2015 to see record number of forced displacements: UN
2015 to see record number of forced displacements: UN
Fri Dec 18, 2015 9:39AM
This image, taken on
December 4, 2015, shows a refugees girl crying on the border crossing
near the Macedonian town of Gevgelija, near Greece. (Photo by AFP)
The United Nations (UN) says
the number of people forcibly displaced worldwide in 2015 is on its way
to surpassing a previous record of almost 60 million.
In a
report released Friday, the UN High Commissioner for Refugees (UNHCR)

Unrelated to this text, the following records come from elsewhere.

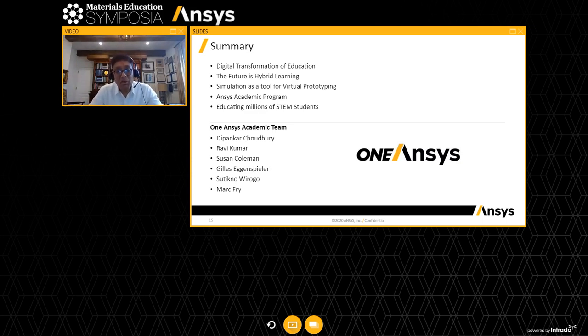The team I want to recognize is Dipankar Chowdhury, Ravi Kumar, Susan Coleman, Jill Egan Spiller, Suti, and Mark Frye. Thank you very much for your time.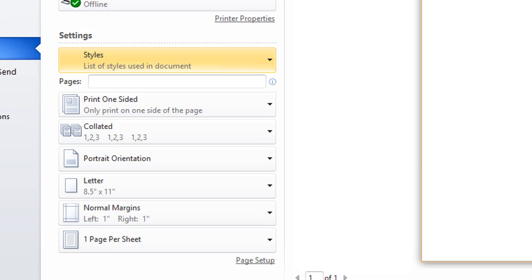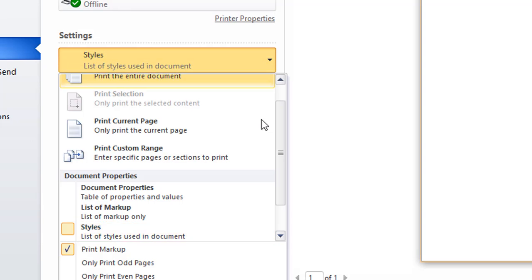And then it'll print out, next, it'll print out all the styles for the template that's attached to the current document. And then it'll print out the normal dot template, which is open all the time in Word in the background. So you'll get the full list of everything when you click to print styles.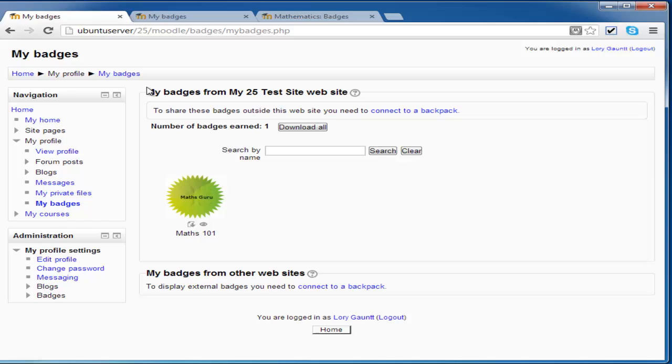You can also connect out to an external backpack where you can collect all of your badges together. But I'll deal with that in another video.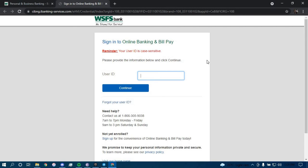And you should be successfully signed in to your online banking account for WSFS Bank.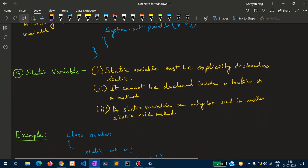The final one is the static variable. A static variable is a variable which can only be used inside another static method. The prerequisites for using a static variable are: it must be explicitly declared as static, and it cannot be declared inside a function or method. In future lessons on object-oriented programming, we will explore more uses of static variables.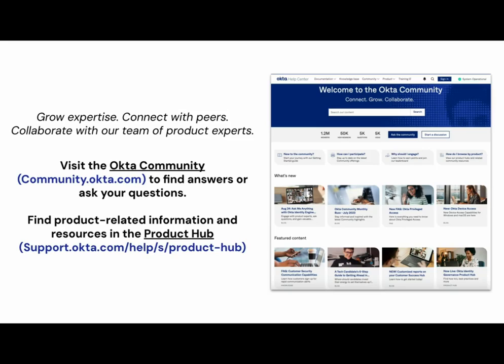Thank you for watching. For more Okta support videos, check out the Okta support playlist.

said the number of refugees and displaced people will most likely go
above the total figure at the end of 2014, which was 59.5 million.
“2015
is on track to see worldwide forced displacement exceeding 60 million
for the first time - 1 in every 122 humans is today someone who has been
forced to flee their homes,” the report said.
The UN estimate
includes the 20.2 million refugees fleeing war and persecution, in
particular, those fleeing the protracted Syrian conflict, which began in
2011.
Nearly 2.5 million of these refugees have requests pending,
with Germany, Russia and the United States receiving the highest
numbers of new claims lodged in the first half of the year, it said.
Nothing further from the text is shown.